(Image-text web data)
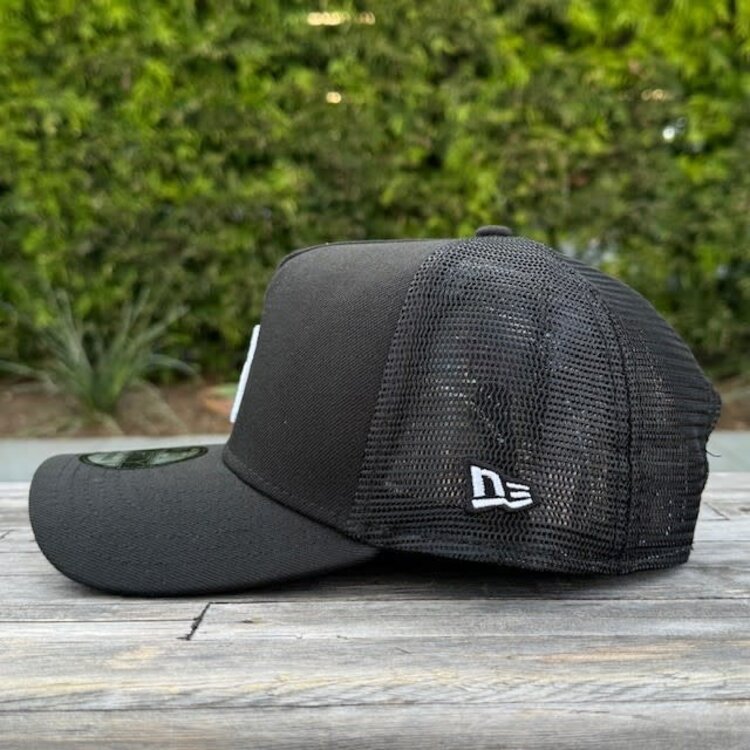 New Era LA Dodgers Black White Trucker Mesh 940 A-Frame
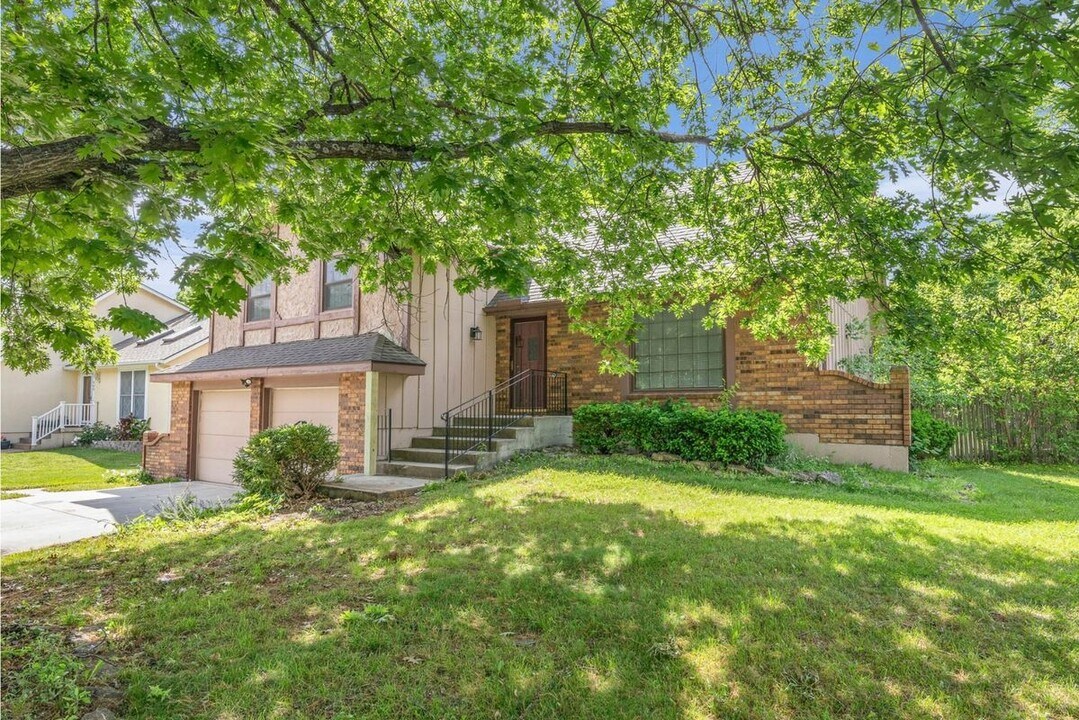 405 S Montclaire Dr in Olathe, KS - Building Photo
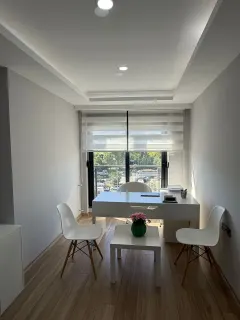 Uzm. Dkt. Elif Yılmaz profilinde yer alan galeri fotoğrafı.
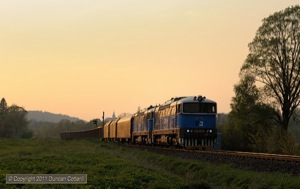As the sun set on 30 April 2011, 753.761 and 753.760 climbed towards Raspenava with a short southbound freight.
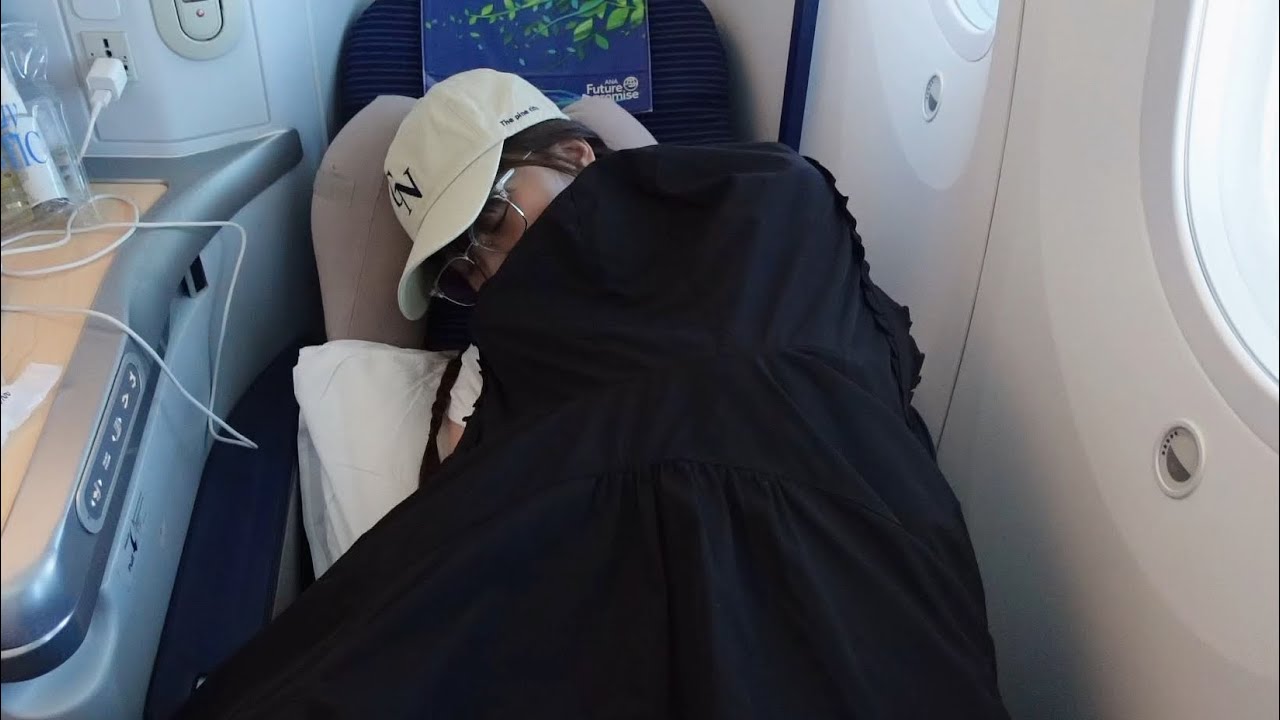 【羽田からLA】機内での過ごし方と快適でいるための最小限アイテム紹介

(How to complete this task) The answer must be an exact transcription of the lines from the one holding "As the sun set" to the last line of the entries above, with no pictures and nothing else.

(Written solution)
As the sun set on 30 April 2011, 753.761 and 753.760 climbed towards Raspenava with a short southbound freight.
 【羽田からLA】機内での過ごし方と快適でいるための最小限アイテム紹介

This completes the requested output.